Maman était surprise.

- Oui.

- Mais il n’est pas mobilisé ?

- Non, il est Belge...il y a pire, Ferdinand...mort, son cœur a lâché, deux jours après l’évacuation, un choc, abandonner ses chevaux et ses vaches.

- Et Louisette ?

- Elle s’en remettra, seulement la ferme...c’est Simone et Edouard qui vont la reprendre, Louisette commence déjà à emménager dans la maison de feu ses parents.

Cette éventualité semblait plaire à grand-père.

- On vous laissera toute la maison, je vais m’installer aussi à la ferme, avec les jeunes, je n’ai pas  tellement confiance, les nuits au moment du vêlage, ça dort.

Je voyais un sourire sur les lèvres de maman, je savais que depuis longtemps elle désirait que nous soyons réellement chez nous, la cohabitation n’était pas désagréable mais, depuis notre installation à Brécourt, elle n’était pas la maîtresse de maison.
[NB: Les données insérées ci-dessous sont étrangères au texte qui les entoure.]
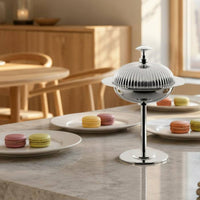 Domed Dessert Server Reflective Silver Finish Pedestal Serving Bowl Decorative Design Lidded Serving Vessel for Tabletop Display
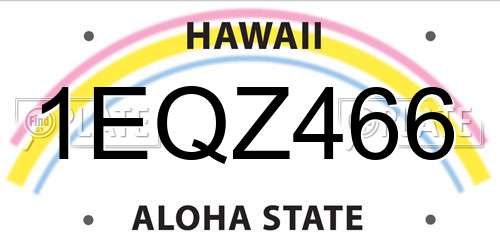 1EQZ466 Hawaii License Plate
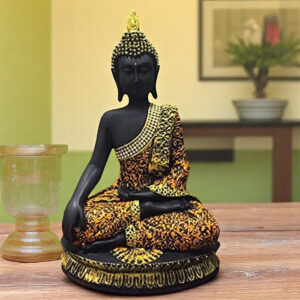 Handcrafted Ployresin Multicolour Sitting Lord Buddha  Statue Showpiece Home Decor/Office Decor/Spiritual Gift - Karigaari India Aesthetic Home Decor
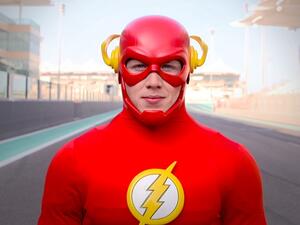 Warner Bros. World™ Abu Dhabi’s The Flash, who’s famed for his superpower of the Speed Force, was spotted doing some practice laps around Yas Marina Circuit!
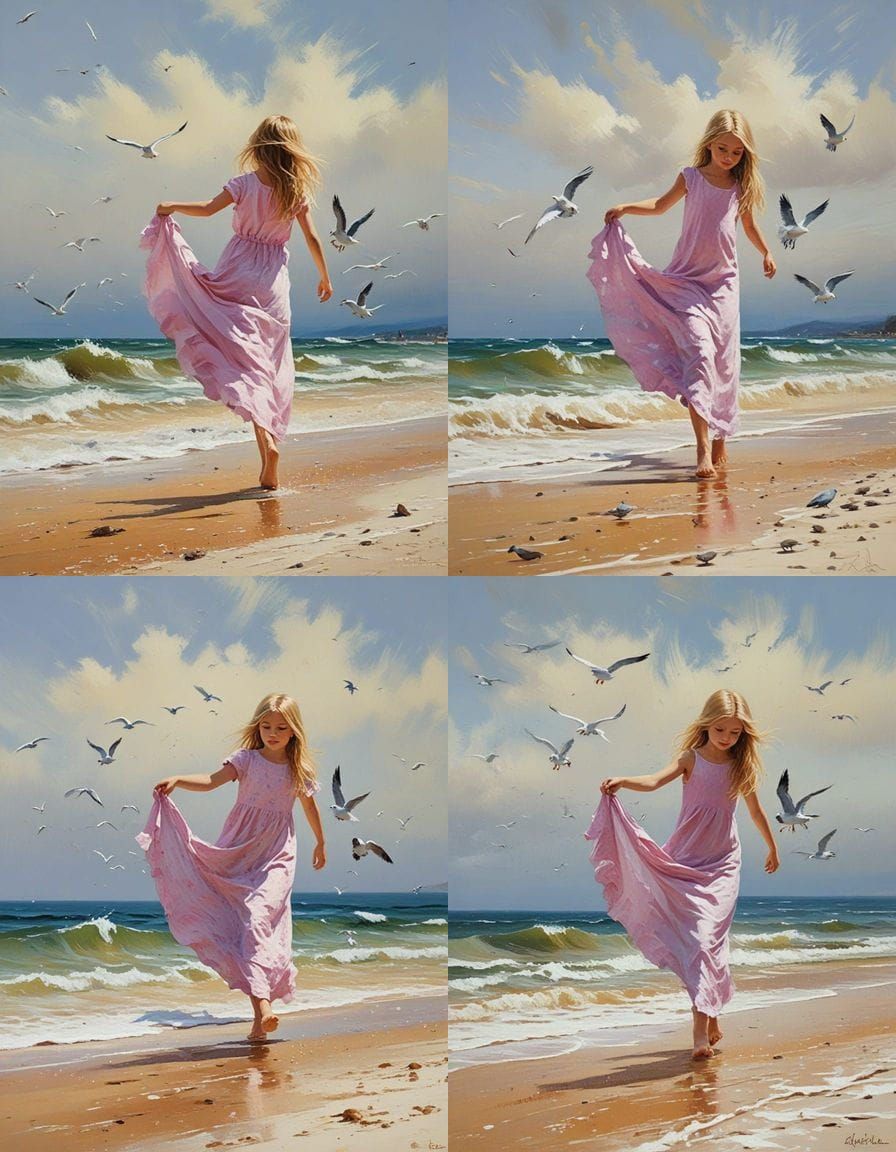 Dreamy Beachside Portrait in Expressionist Impressionist Sty...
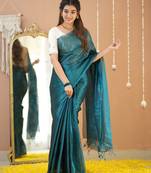 teal green handloom tissue saree with designer blouse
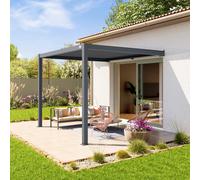 PRIMEYARD Pergola adossée 3x3 m en anthracite avec toit à lames en anthracite - (400136)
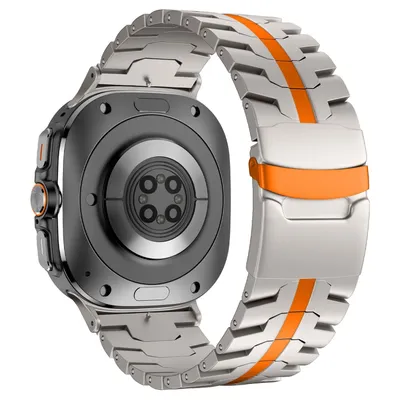 The back of a smartwatch with a metal band.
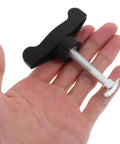 Premium 4pc T-Handle Bolt Replacement Kit With Nonslip Grip Knobs For Mowing Machines And Snow Blowers To Make Easy DIY Fixes On Lawn Tools Fastening Hardware, black bolt in hand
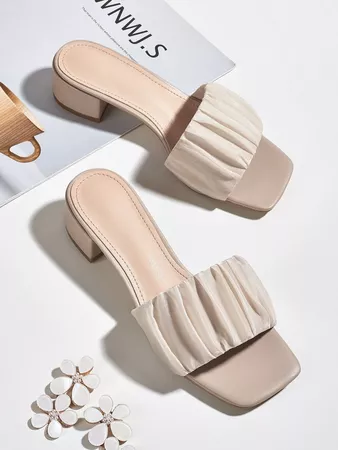 Open Toe Ruched Mule Sandals | SHEIN USA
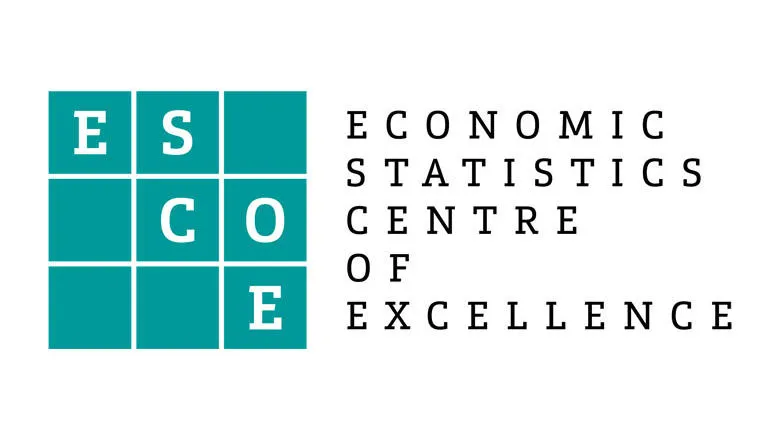 The ESCoE logo: ESCoE spelled out on a teal coloured grid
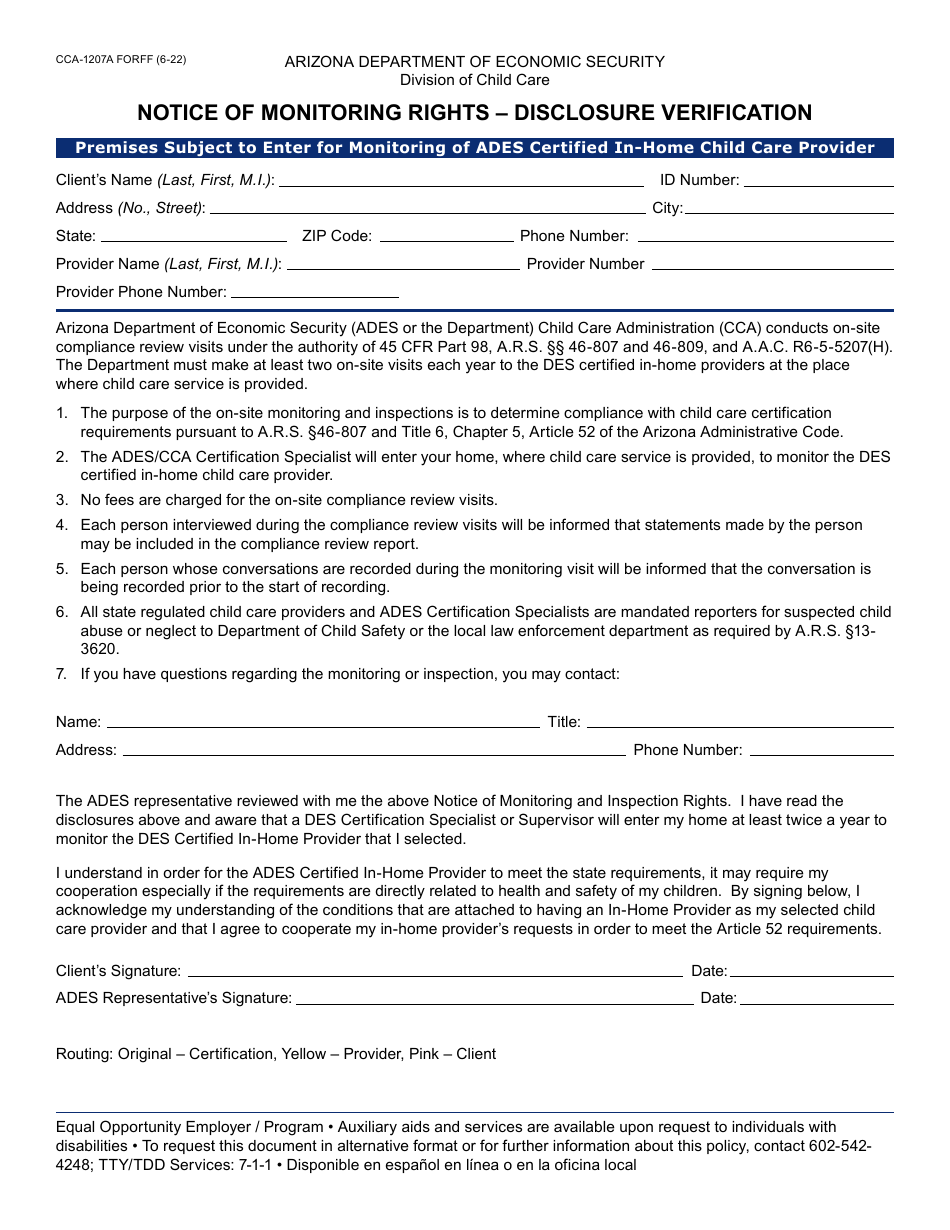 Form CCA-1207A Notice of Monitoring Rights - Disclosure Verification - Arizona, Page 1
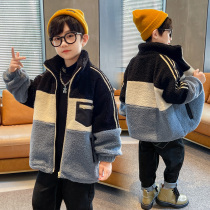 Boy plus velvet coat autumn and winter childrens cotton coat 2021 new childrens clothing middle-aged childrens wool wool sweater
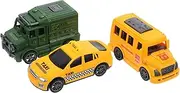 INOOMP 3Pcs Inertial Vehicles Mini Pull Back Cars for Travel Playtime Designs for Boys Birthday Party Favors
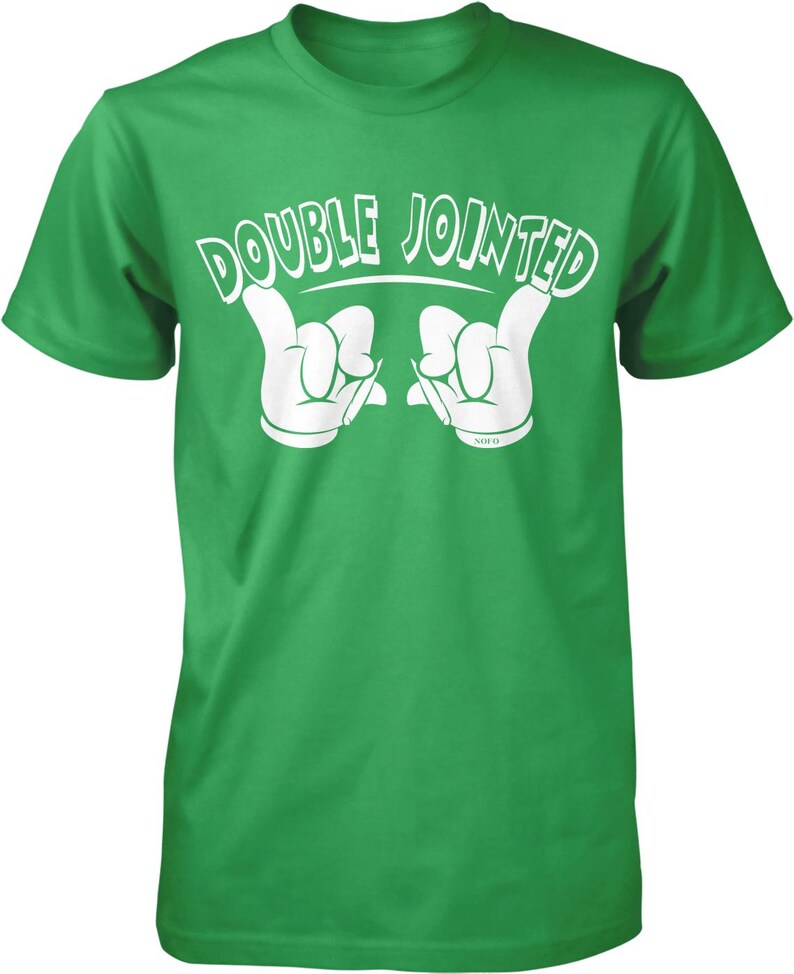 A green t-shirt with the text "DOUBLE JOINED" printed on it, along with a hand gesture.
- Nous descendrons d’un étage, plus d’escalier.

 

Nous rendions visite à Louisette, ses vêtements noirs semblaient lui faire une taille plus fine.

- Comme ça, sans même dire au revoir, vous pensez, quitter sa ferme ça l’a démoli, c’est terrible, mais tu sais ce que c’est Catherine, tu es passée par là...j’espère que tu viendras tout de même me rendre visite de temps en temps mon petit Christophe, Ferdinand t’aimait bien, si seulement c’était not’gamin qu’il me disait souvent…d’un seul coup, il s’est effondré, jamais j’aurais pensé…

La veuve reniflait et se mouchait bruyamment.